In [None]:
import pandas as pd
import numpy as np

In [None]:
# Input data files are available in the read-only "../input/" directory
# For example, running this (by clicking run or pressing Shift+Enter) will list all files under the input directory

import os
for dirname, _, filenames in os.walk('/kaggle/input'):
    for filename in filenames:
        print(os.path.join(dirname, filename))

# You can write up to 5GB to the current directory (/kaggle/working/) that gets preserved as output when you create a version using "Save & Run All" 
# You can also write temporary files to /kaggle/temp/, but they won't be saved outside of the current session

In [None]:
train=pd.read_csv("/kaggle/input/demand-forecasting-kernels-only/train.csv")

In [None]:
train.head()

In [None]:
train.describe()

25% of the items had sales lower than 30, 50% of the items had sales lower than 47 and 75% had sales lower than 70. Highest sales were 231. 

In [None]:
test=pd.read_csv("/kaggle/input/demand-forecasting-kernels-only/test.csv")

In [None]:
test.head()

# Quick Visualizations

In [None]:
#Converting date to datetime format
train['date']=pd.to_datetime(train['date'])
test['date']=pd.to_datetime(test['date'])

#Extracting dayofweek,dayofyear,year,month for training set

train['weekday']=train['date'].dt.dayofweek
train['dayofyear']=train['date'].dt.dayofyear
train['year']=train['date'].dt.year
train['month']=train['date'].dt.month

#Extracting dayofweek,dayofyear,year,month for testing set

test['weekday']=test['date'].dt.dayofweek
test['dayofyear']=test['date'].dt.dayofyear
test['year']=test['date'].dt.year
test['month']=test['date'].dt.month

In [None]:
import plotly.express as px
px.box(x=train['year'],y=train['sales'],title="Yearly Sales")

Sales seemed to have incerased on an yearly basis but not by that much.

In [None]:
px.line(x=train['date'],y=train['sales'],title="Daily Sales")

There seems to be seasonality in June 

In [None]:
px.box(x=train['month'],y=train['sales'],title="Monthly Sales")

Sales are lowest during the beginning and end of the year but highest during the June-August.

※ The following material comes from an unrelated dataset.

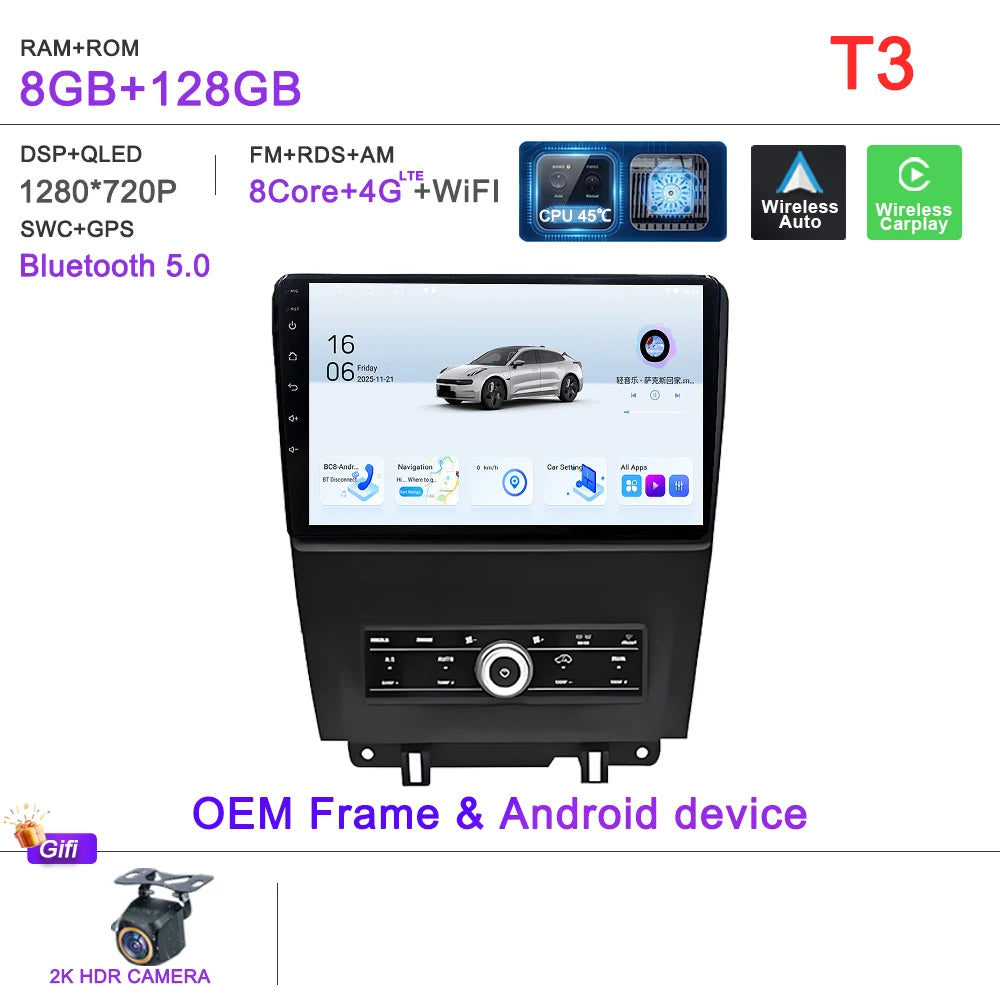 Car GPS Android 16 Auto Radio For Ford Mustang V S-197 2009 2010 2011 2012 - 2014  Stereo Head Unit No 2din DVD QLED Screen Dash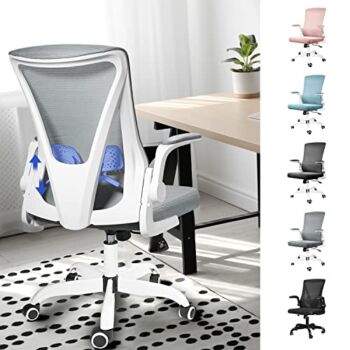 MUZII Task Chair with Arms, Ergonomic Mesh Office Chair, Computer Desk Chair Swivel Office Chair with Flip-up Arms and Adjustable Lumbar Support, Grey | The Storepaperoomates Retail Market - Fast Affordable Shopping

Could be an effect of the summer holidays?

# Missing Values

In [None]:
train.isnull().sum()

No missing Values

# Outlier detection

In [None]:
train.skew()

No outliers as skewness is between -1 to +1

# Modeling

In [None]:
train.columns

In [None]:
X=train.copy()
X.drop(['sales','date'],axis=1,inplace=True)
y=train['sales']

from sklearn.model_selection import train_test_split

#Splitting data into training and validation test
X_train,X_val,y_train,y_val=train_test_split(X,y,test_size=0.2,random_state=123)

print("Shape of training features:",X_train.shape)
print("Shape of training labels:",y_train.shape)
print("Shape of validation features:",X_val.shape)
print("Shape of validation labels:",y_val.shape)

In [None]:
from xgboost import XGBRegressor
from sklearn.model_selection import cross_val_score

In [None]:
xgb=XGBRegressor(random_state=123)

XBG_score=cross_val_score(xgb,X_train,y_train,cv=5,scoring='neg_mean_squared_error',verbose=15)

In [None]:
print("MSE:",-XBG_score.mean())
print("RMSE:",np.sqrt(-XBG_score.mean()))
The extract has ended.